Cayley Table to Check Group

Question

Let, $(G,*)$ is a group. We know, no entry appears twice in the Cayley table of this group.

Now let, a Cayley Table is given with no entry appearing twice in a row or column. Let, the existence of identity and inverses are guaranteed in Cayley Table. Then without checking associativity can we say that this Cayley table does represent a group?

For example, consider the Cayley Table for $C=\{1, -1, i, -i\} $ under binary operator $.$

Here we can easily identify $1$ as a identity. Also we notice that, $1.1=(-1).(-1)=i.(-i)=(-i).i=1$ which guarantees existence of inverse.
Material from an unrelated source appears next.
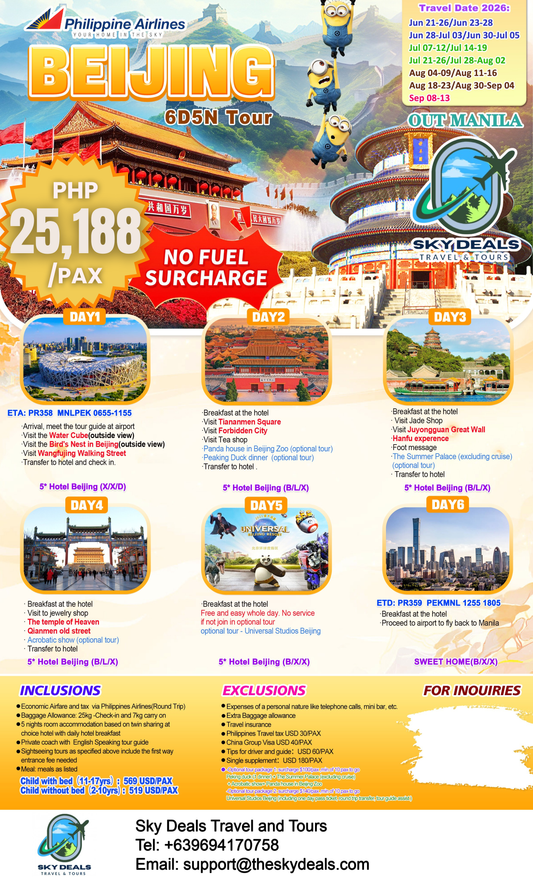 6 Days 5 Nights Beijing Tour | JUNE to SEPTEMBER 2026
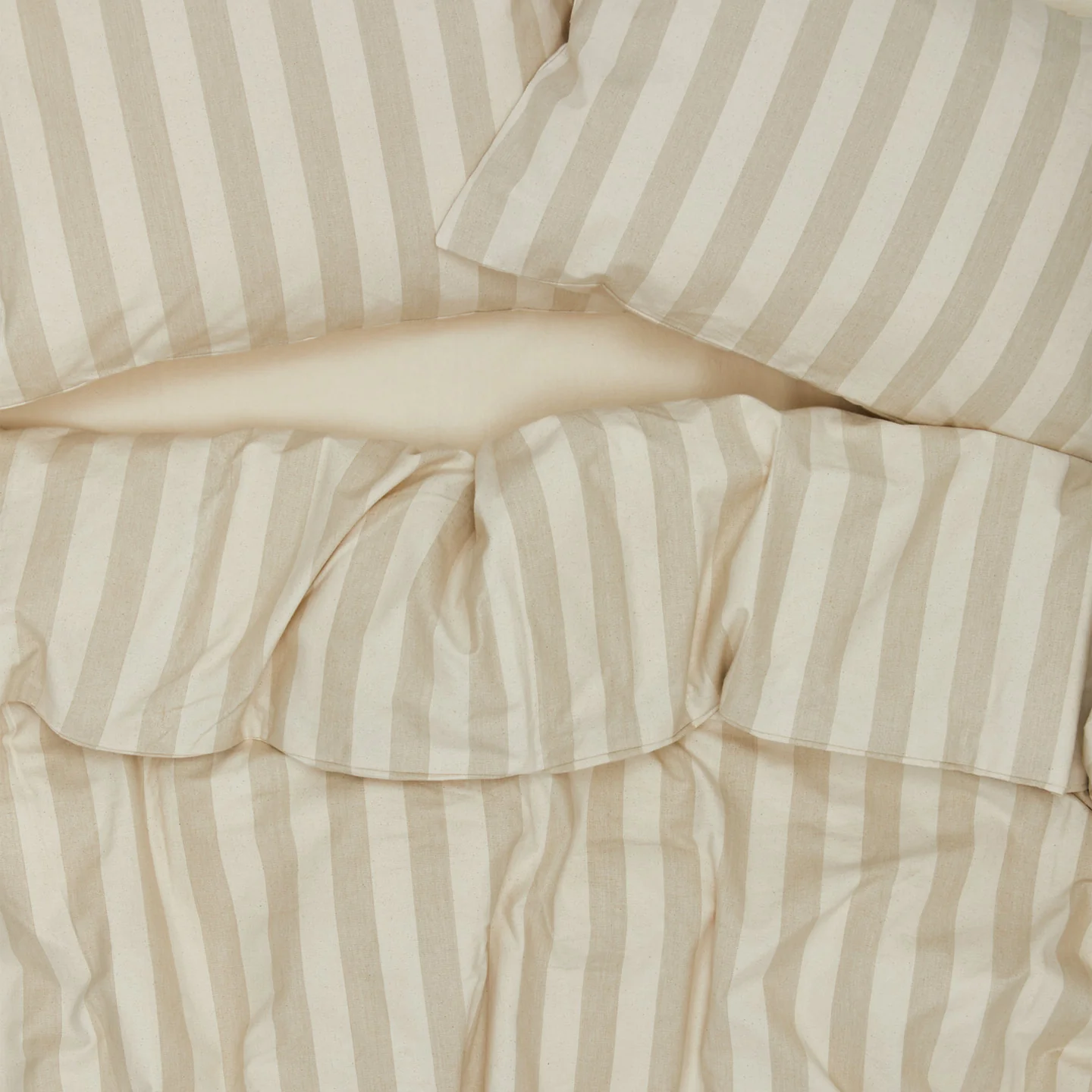 Essential Striped Duvet - Ivory/Flax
Now do we need to check associativity to declare $(C, .)$ a group?

Answer 1

As for your first question, the answer is no. The smallest non-associative Latin square has order $5$, for example the following: $$\begin{array}{c|ccccc} * & 1 & 2 & 3 & 4 & 5 \\\hline 1 & 1 & 2 & 3 & 4 & 5 \\ 2 & 2 & 1 & 4 & 5 & 3 \\ 3 & 3 & 4 & 5 & 1 & 2 \\ 4 & 4 & 5 & 2 & 3 & 1 \\ 5 & 5 & 3 & 1 & 2 & 4 \tag0 \end{array}$$ Alternatively (but not more efficiently) than checking the triplets to assess the associativity, you can check whether for every $i,j,k\in\{1,\dots,5\}$: $$i*j=k\Longrightarrow \sigma_i\sigma_j=\sigma_k\tag1$$ where $\sigma_i\in S_5$ is defined by: $$\sigma_i(j):=i*j\tag2$$ For the Latin square $(0)$, the definition $(2)$ yields: \begin{alignat}{1} &\sigma_1=() \\ &\sigma_2=(12)(345) \\ &\sigma_3=(13524) \\ &\sigma_4=(14325) \\ &\sigma_5=(15423) \\ \end{alignat} Now, for example, $3*5=2$ but $\sigma_3\sigma_5=(125)\ne\sigma_2$. According to the "associativity test" $(1)$, this is sufficient to state that the composition law $*$ is not associative, and hence $(0)$ is not the Cayley table of a group.

Answer 2

Associativity is not implied by the Cayley table. For example take $X$ to be a finite set, $\mathcal P(X)$ be its power set. The set difference operation (which is a binary operation) on $\mathcal P(X)$ is not associative : $(A\setminus B)\setminus C\ne A\setminus(B\setminus C)$. If you draw its Cayley table you can see no two elements in a row are the same.

Existence of identity, commutativity, existence of inverses are all implied by the Cayley table.

Answer 3

The question is whether a table in which no element appears twice in any row or column is necessarily a group table. This example shows the answer is no:

Consider the binary operation on the set $\{\,a,b,c,d,e\,\}$ given by the following table:

$$\matrix{e&a&b&c&d\cr a&e&c&d&b\cr b&d&e&a&c\cr c&b&d&e&a\cr d&c&a&b&e\cr}$$

$e$ is the unique identity element, and each element appears exactly once in each row and in each column. We don't have to check associativity to see that this can't be a group table: each element satisfies $x^2=e$, so each non-identity element has order two, but a group of order five can't have any elements of order two (the order of an element in a finite group must divide the order of the group).

If desired, we could give an example of the failure of associativity:
$a(bd)=ac=d$, $(ab)d=cd=a$, so $a(bd)\ne(ab)d$.

My thanks to user @Kan't for pointing out a typo in the table, which I have now corrected.